- [Work to be completed]
Look below for the line with "Carte numérique de" and the line with "夏季印花连衣裙短袖修身显瘦铅笔裙子". Copy exactly those two lines and every line between, but not the pictures.

- [Records supplied]
··········

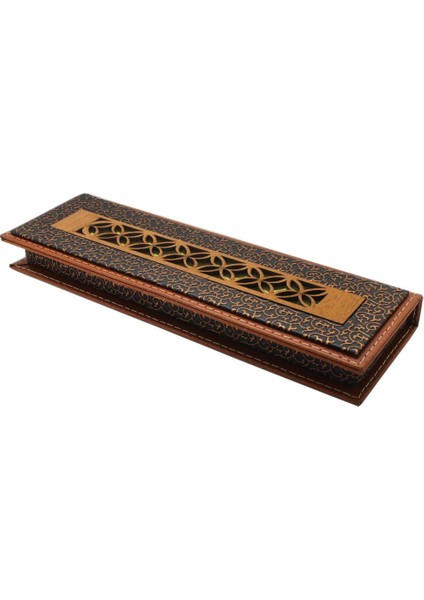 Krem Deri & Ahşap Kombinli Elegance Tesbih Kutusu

··········

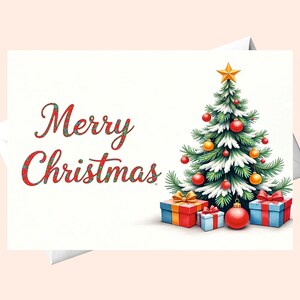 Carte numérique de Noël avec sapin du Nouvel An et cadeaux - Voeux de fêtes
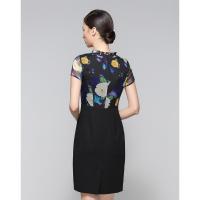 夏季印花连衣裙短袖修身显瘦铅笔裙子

··········

- [Finished task]
 Carte numérique de Noël avec sapin du Nouvel An et cadeaux - Voeux de fêtes
 夏季印花连衣裙短袖修身显瘦铅笔裙子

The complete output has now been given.